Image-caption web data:
####################
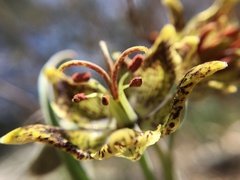Fritillaria pinetorum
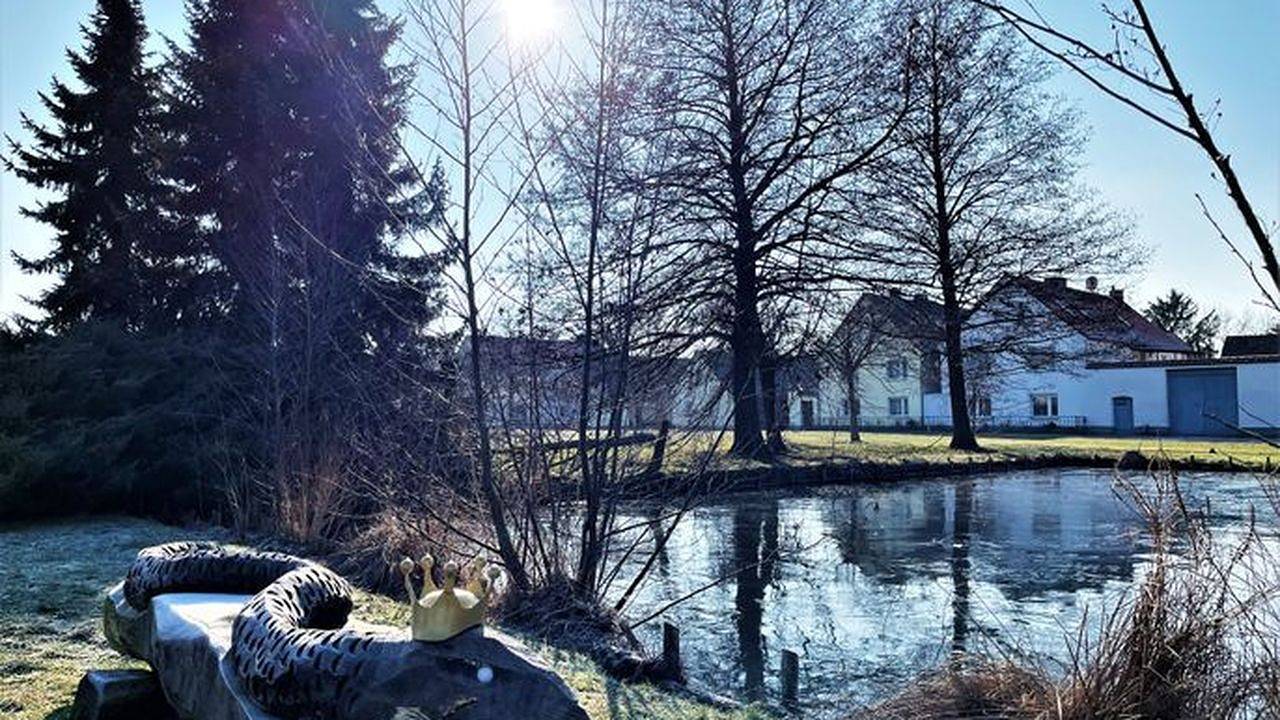 Ganze Ferienwohnung, Ferienwohnung für 4 Personen (72 m²) in Hoyerswerda in Hoyerswerda, Lausitzer Seenland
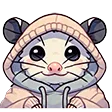 opossumhoodie
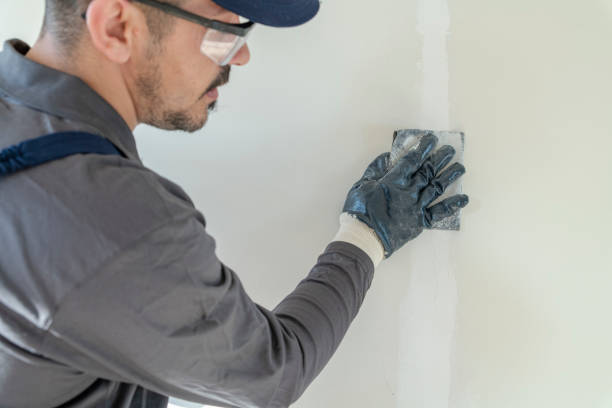 Best Commercial Painting  in Meadows Place, TX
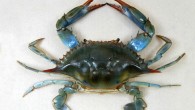 A female blue crab (Callinectes sapidus) in the permanent collection of the Children’s Museum of Indianapolis. Image credit: Wendy Kaveney / CC BY-SA 3.0.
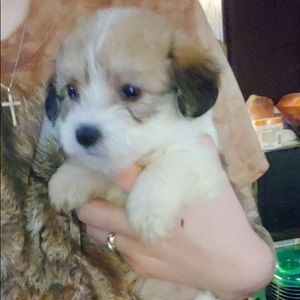 Meet your Posher, Audumn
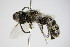  ( - BC ZSM HYM 17302)  @13 [ ] CreativeCommons - Attribution Non-Commercial Share-Alike (2015) Unspecified SNSB, Zoologische Staatssammlung Muenchen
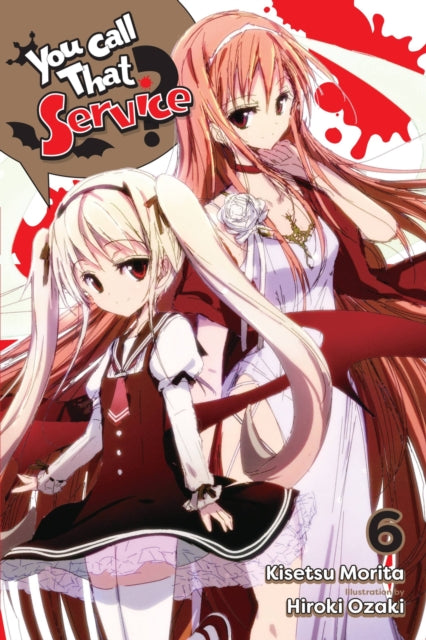 You Call That Service? Light Novel 6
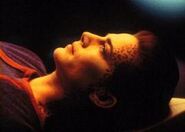 Terry Farrell
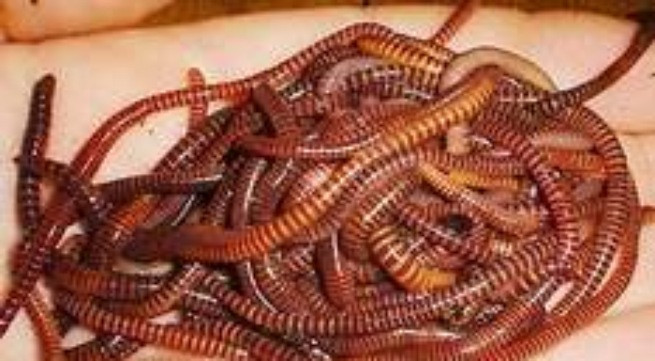 Giun đất - Vị thuốc hay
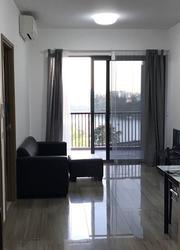 Lakeville (D22), Condominium #150537442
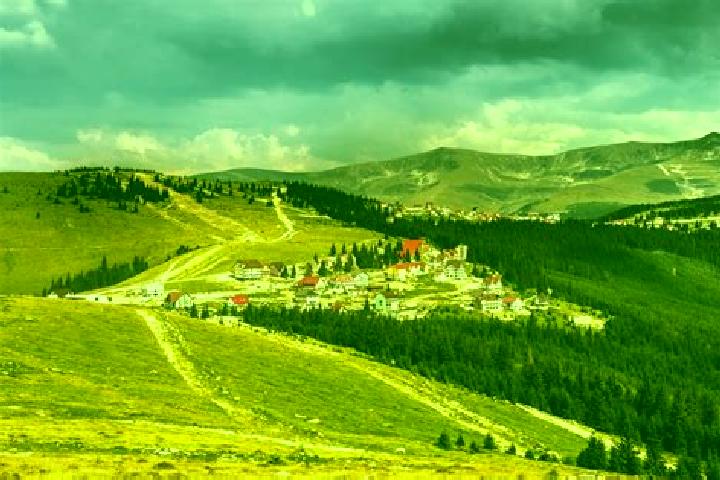 escort Valea Plopilor
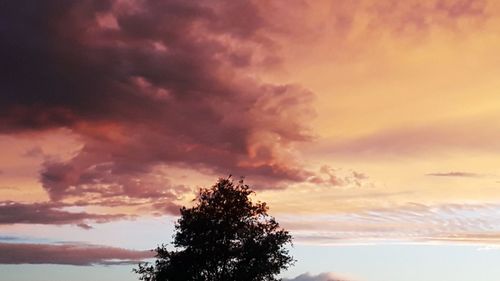 Low angle view of silhouette tree against sky during sunset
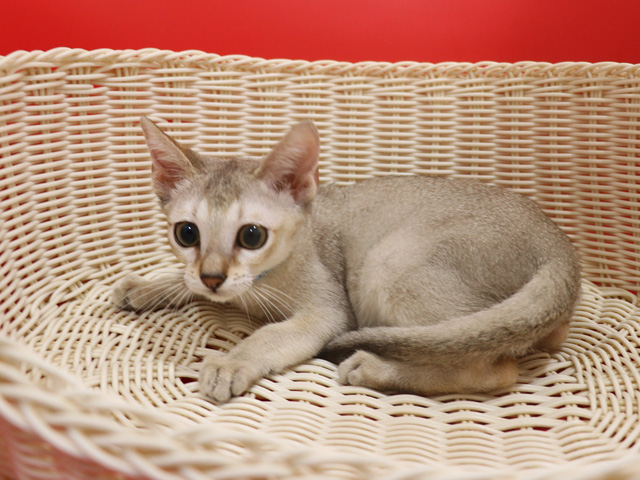 シンガプーラの子猫画像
####################
THE PROBLEM>
Starting at the first line of the records above, set down each line exactly through the one that holds "Lakeville (D22), Condominium #150537442". Omit pictures.

RESPONSE TO THE TASK>
Fritillaria pinetorum
 Ganze Ferienwohnung, Ferienwohnung für 4 Personen (72 m²) in Hoyerswerda in Hoyerswerda, Lausitzer Seenland
 opossumhoodie
 Best Commercial Painting  in Meadows Place, TX
 A female blue crab (Callinectes sapidus) in the permanent collection of the Children’s Museum of Indianapolis. Image credit: Wendy Kaveney / CC BY-SA 3.0.
 Meet your Posher, Audumn
  ( - BC ZSM HYM 17302)  @13 [ ] CreativeCommons - Attribution Non-Commercial Share-Alike (2015) Unspecified SNSB, Zoologische Staatssammlung Muenchen
 You Call That Service? Light Novel 6
 Terry Farrell
 Giun đất - Vị thuốc hay
 Lakeville (D22), Condominium #150537442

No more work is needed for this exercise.